SINGAPORE (Feb 19): OCBC Investment Research is maintaining its “buy” call on Roxy-Pacific Holdings with a higher fair value estimate of 66 cents from 60 cents previously, with a change of the stock’s covering analyst and the fine-tuning of assumptions following the developer’s recent announcement of its 4Q17 results.
See: Roxy-Pacific's 4Q earnings drop 39% to $7.27 mil; declares final dividend of 0.771 cents
In a report last Friday, lead analyst Joseph Ng says he remains positive on the stock despite the latest quarter’s earnings decline.
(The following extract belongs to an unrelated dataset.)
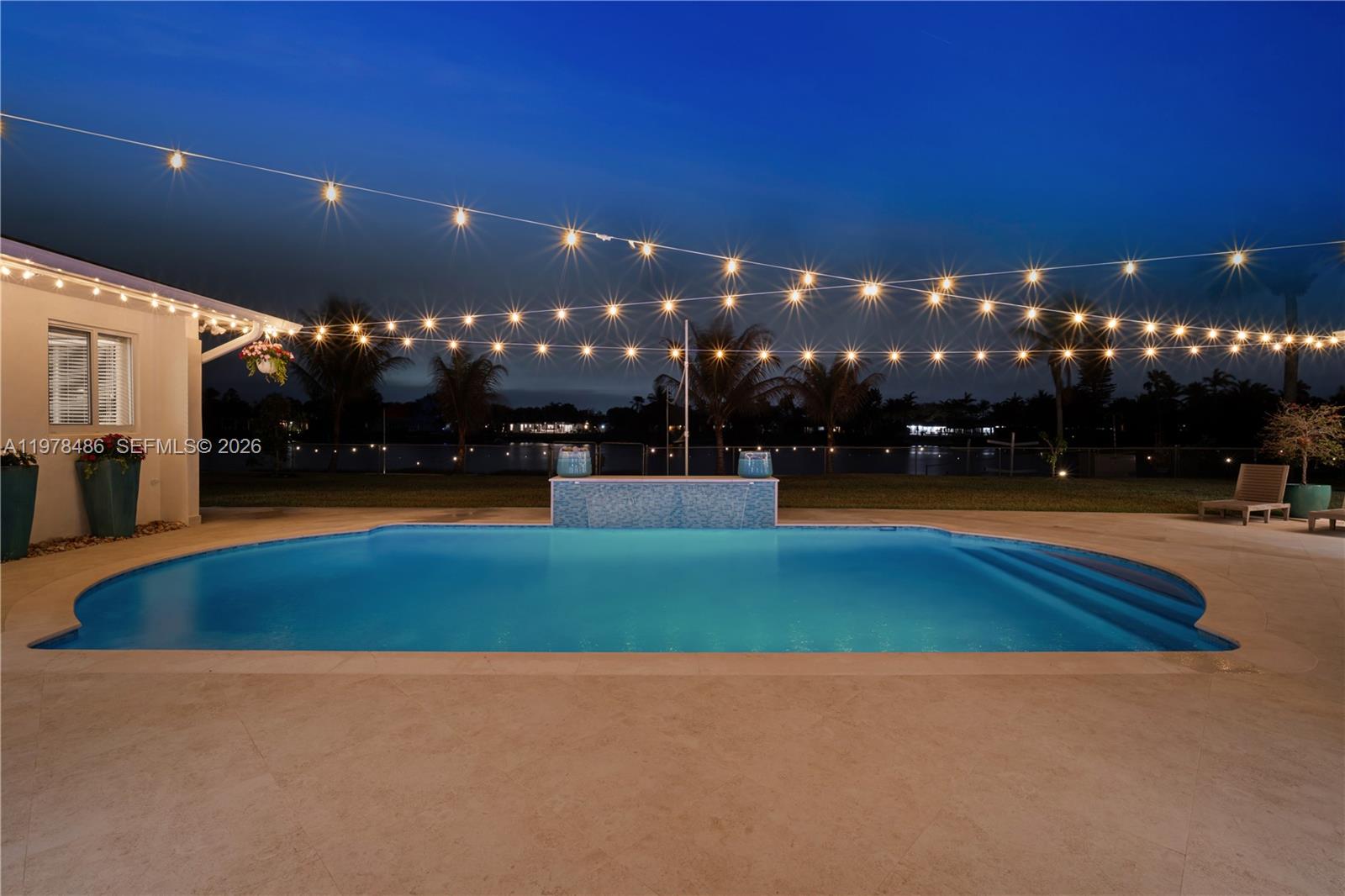 OAKLAND ACRES - Residential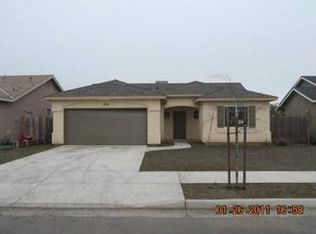 1932 N Virginia Ave, Farmersville, CA 93223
This is given the group’s good pipeline of residential projects in Singapore which Ng describes as a “flurry of launches” in 2018. Despite the management’s guidance for the launch of six projects for sale in FY2018, Ng believes eight launches could be possible instead – leaving three units along Lorong Kismis (15, 17 and 19) and 22 Farrer Road for FY19.
“Currently, Roxy-Pacific has 10 projects in its Singapore landbank, which should be able to yield a total of 440 units. The group has launched one of them on 28 Jan, and has sold about 48% of units by 5 Feb,” notes Ng.
“In our opinion, with these 10 sites on its books, Roxy-Pacific now has the luxury of being more selective in its landbanking activities. Separately, we believe that the softer revenue per available room (RevPar) seen by Grand Mercure Singapore Roxy hotel over the course of 2017 should witness some reprieve this year, given the more favourable supply-demand dynamics in 2018,” he adds.
Further, Ng highlights the Singapore Tourism Board’s (STB) optimistic growth outlook for the tourism sector this year, with visitor arrivals forecasted to grow 1-4% and tourism receipts to grow between 1-3%.
“Notwithstanding the positives as highlighted above, we think that revenue will be lumpy – contribution from the 10 Singapore projects as well as 2 out of 3 Australian development projects is forecasted to be recognised only from FY19,” concludes the analyst.
As at 12.14pm, shares in Roxy-Pacific are trading 0.9% higher at 56 cents, or 16.9 times FY18 forward PER.